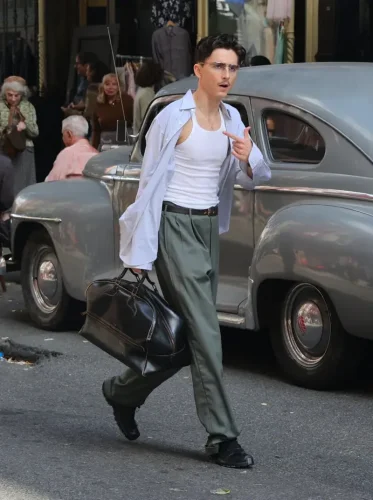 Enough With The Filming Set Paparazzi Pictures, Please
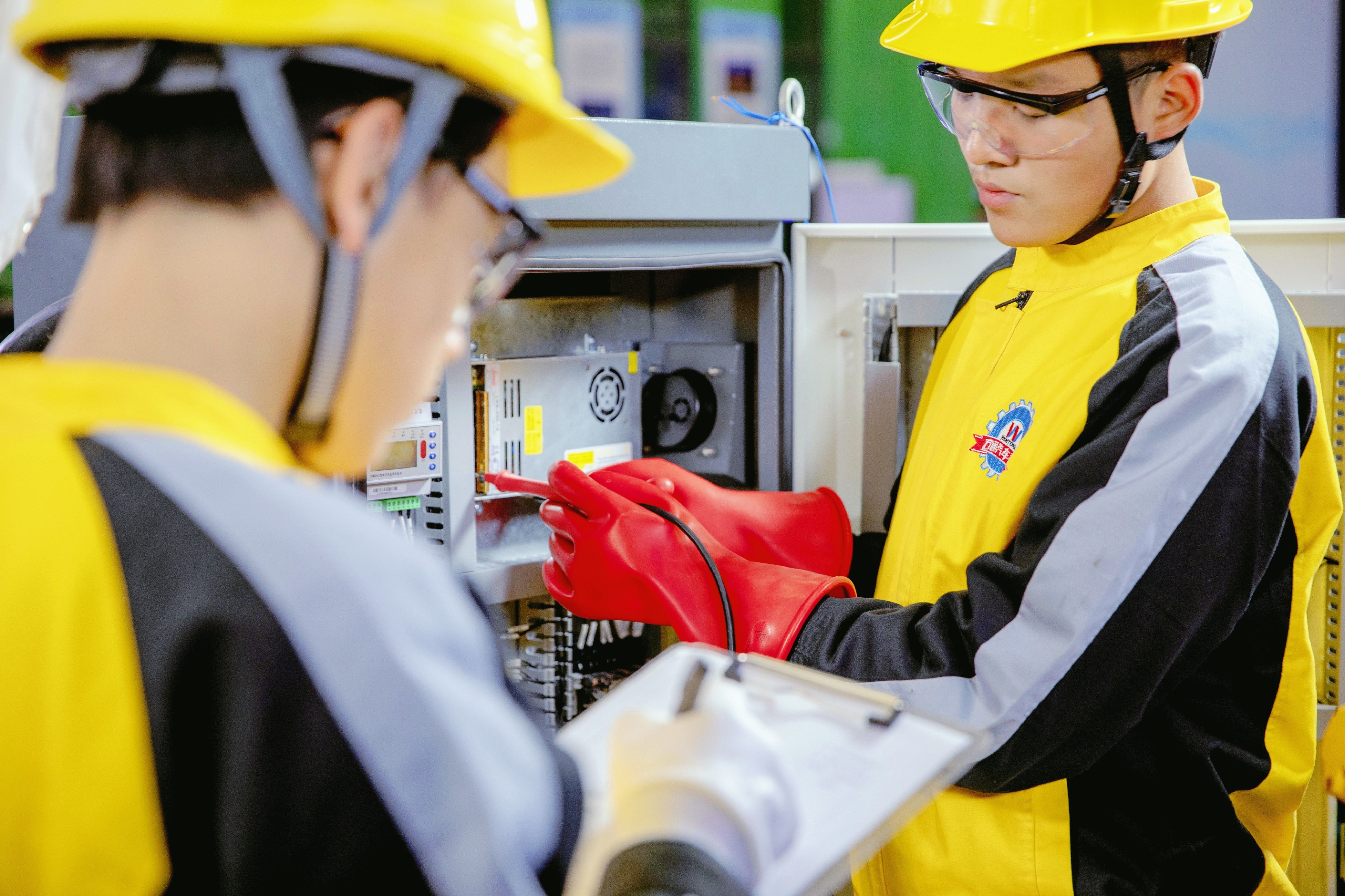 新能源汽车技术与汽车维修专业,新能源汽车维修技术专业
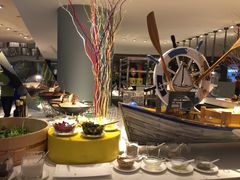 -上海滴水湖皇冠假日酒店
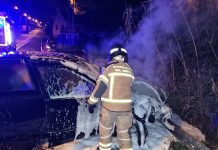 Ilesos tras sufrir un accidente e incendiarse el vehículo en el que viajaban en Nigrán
---
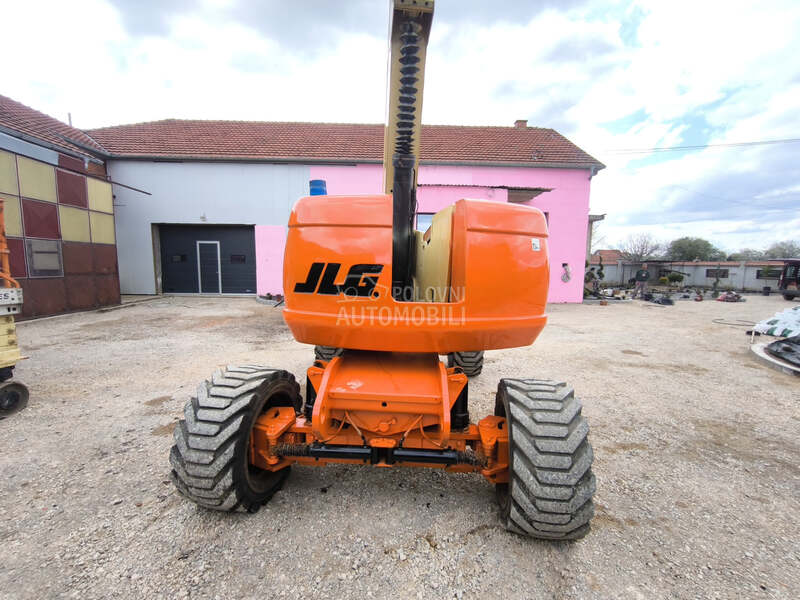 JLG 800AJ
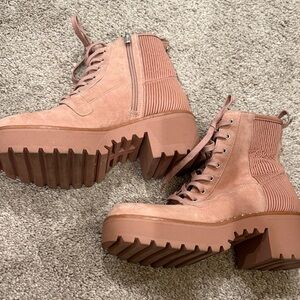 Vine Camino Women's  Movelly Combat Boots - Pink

What the task asks:
Only one part of the listing is wanted: the lines from the one containing "Enough With The" through the one containing "Ilesos tras sufrir", both included. Please transcribe it exactly, leaving out the pictures.

Answer for the task:
 Enough With The Filming Set Paparazzi Pictures, Please
 新能源汽车技术与汽车维修专业,新能源汽车维修技术专业
 -上海滴水湖皇冠假日酒店
 Ilesos tras sufrir un accidente e incendiarse el vehículo en el que viajaban en Nigrán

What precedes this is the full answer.